Some of the simplified lessons associated with Thucydides are clearly visible in contemporary strategy. One lesson Xi Jinping and Vladimir Putin appear to understand is that the international system remains fundamentally competitive. Thucydides famously observed that states act out of fear, honor, and interest—motivations that continue to shape the behavior of powerful states. Modern Russian and Chinese strategic thinking reflects this assumption: international politics is contested, influence depends on power, and security ultimately rests on the balance of forces rather than on legal norms alone.

Xi Jinping and Vladimir Putin also appear to recognize the importance of alliances and geopolitical positioning. The Peloponnesian War was not simply a bilateral confrontation between Athens and Sparta. It unfolded through an extensive network of allies whose shifting loyalties repeatedly altered the strategic landscape of the Greek world. Similar dynamics can be observed today: NATO’s cohesion has significantly shaped the course of the war in Ukraine, while the Indo-Pacific has become a central arena in which competing alliance structures influence the broader strategic balance. These dynamics are already visible: Russia’s war in Ukraine reflects the dangers of overreach and strategic misjudgment, while tensions over Taiwan raise parallel questions about the limits of power in the face of resistance, alliances, and uncertainty.

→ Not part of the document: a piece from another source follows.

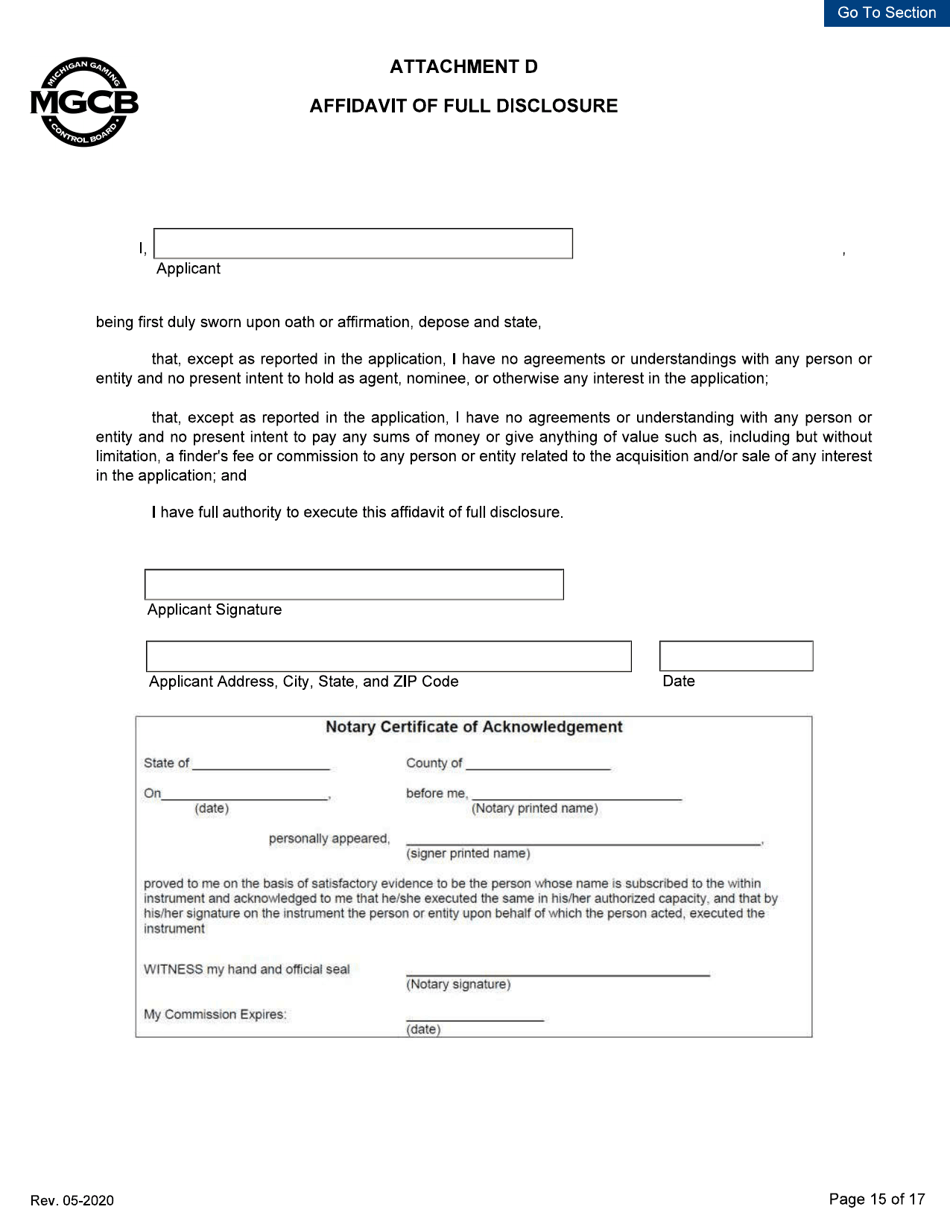 Personal Disclosure Form - Initial / Five-Year Renewal - Michigan, Page 15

Yet Thucydides’ history also contains deeper warnings—and these are the lessons great powers often fail to absorb.

The most famous example comes from the Sicilian Expedition, when Athens launched an ambitious campaign far beyond its immediate strategic environment. Despite warnings from cautious leaders such as Nicias, the Athenian Assembly embraced the expansive promises of Alcibiades. What followed was not simply defeat but strategic catastrophe: the destruction of an entire expeditionary force and the collapse of Athens’ position in the wider war.

For Thucydides, the episode illustrates a deeper insight about power: great states often fail not because they lack strength, but because they misjudge the limits of their power. Thucydides’ account is valuable because it reveals how power is constrained by domestic disunion, political discord, the reluctance of allies, and rivals eager to balance against an unstable hegemon.

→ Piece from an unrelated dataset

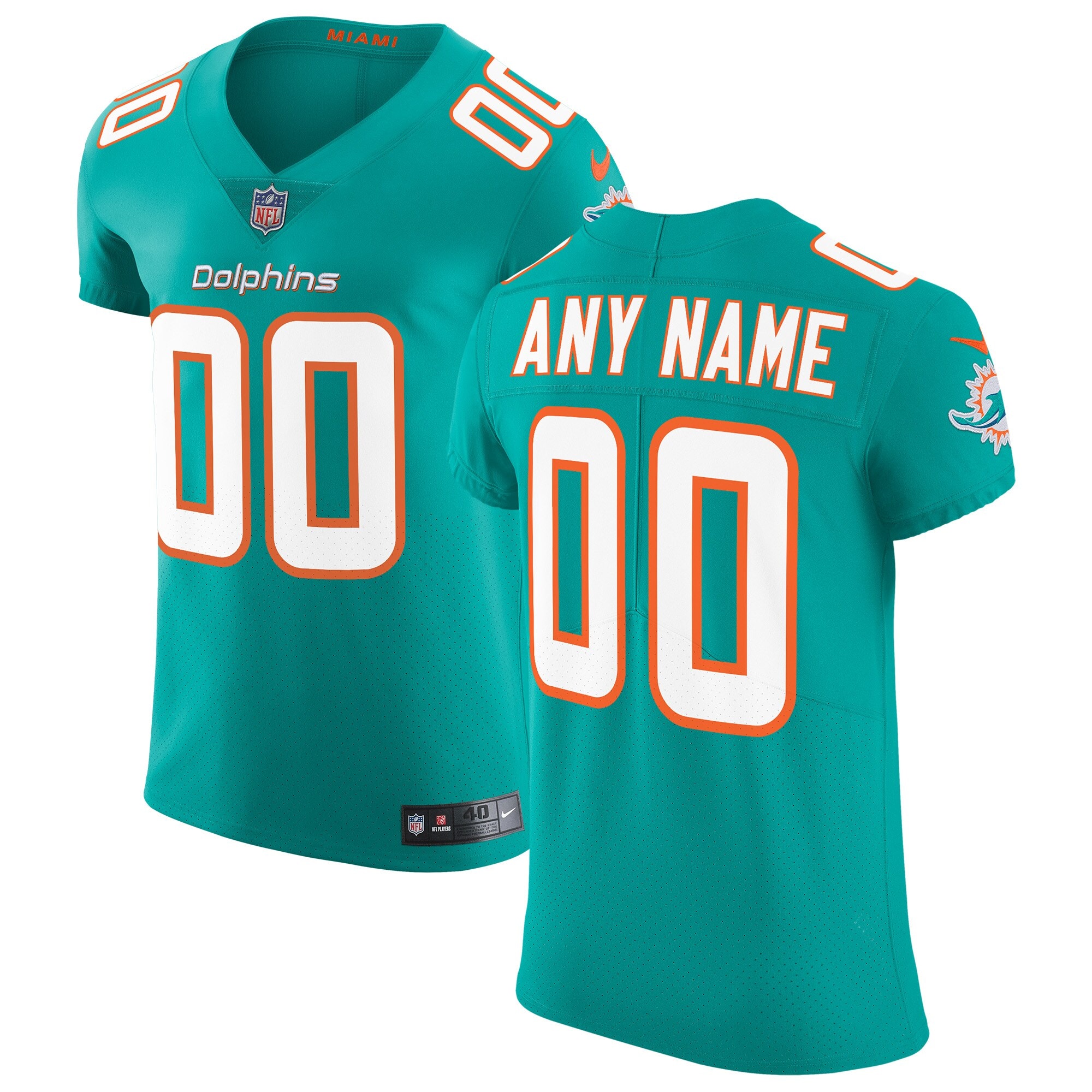 Miami Dolphins Vapor Untouchable Elite Custom Jersey - Aqua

Furthermore, Thucydides repeatedly shows that rivalry among great powers is shaped not only by structural pressures but by decisions taken under uncertainty—decisions that can amplify risk or restrain it.

That is precisely the insight at the heart of Restoring Thucydides. Novo and Parker demonstrate that many modern interpretations flatten the complexity of Thucydides’ history by turning it into a set of simplified strategic formulas. By returning to the text and testing these familiar lessons, they recover a richer understanding of how power, alliances, leadership, and miscalculation interact in moments of great-power rivalry.

At a time when references to Thucydides increasingly shape debates about China, Russia, and the future of the international system, Restoring Thucydides provides an essential reminder: the ancient historian’s greatest lesson is not that great powers are destined to clash, but that the choices of their leaders determine whether rivalry leads to catastrophe.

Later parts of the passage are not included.